# Need advice with Conures



## jo (Jun 29, 2006)

Can anyone tell me if my Sun conures will be ok hatching and rearing their babies in a unheated bird room(outside adjoining to my aviary) 

Over view

I have a aviary split into 2, 5ft by 10 ft and 10 by 10ft and my bird room is 15ft by 8ft. My Sun conures are currently living in a breeding cage inside the bird room. I haven't put any heat up there as I was told they will be fine without but now they are sitting on eggs which should be due to start hatching in 12/13 days if all goes well. 
They are experienced birds but this is my first clutch so bit worried.

Just a little worried the babies won't survive if it's not warm enough from just parents body heat. I can add a oil radiator if need be but wanted to ask for a bit of advice.

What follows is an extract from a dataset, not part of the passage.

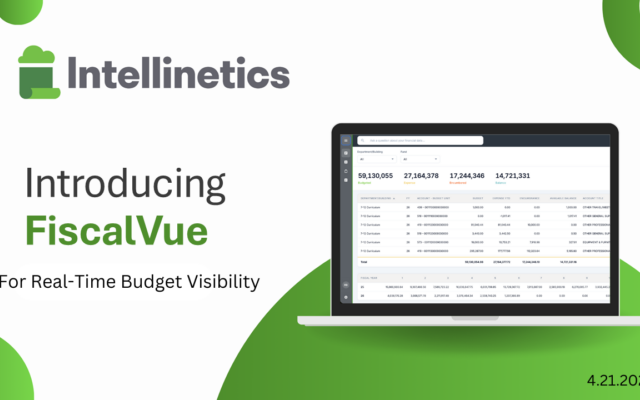 Fiscal Vue for Real Time Budget Visibility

Also if all goes well I would like to hand rear but let mum and dad do the first few weeks, what age is best to take away from parents?

Thank you


----------



## Big Uli (Jun 17, 2013)

They'll be fine
I used to breed exhibition budgies and they raised young when it was a lot colder than it is now
Just make sure you feed em well
Well fed youngsters will be warm youngsters
Secret to breeding in the winter is a deep nest box
The deeper the box the warmer the chicks and they will spend less energy keeping warm and grow much better

My budgies used to sit in 15 inch deep boxes and they all did fine


----------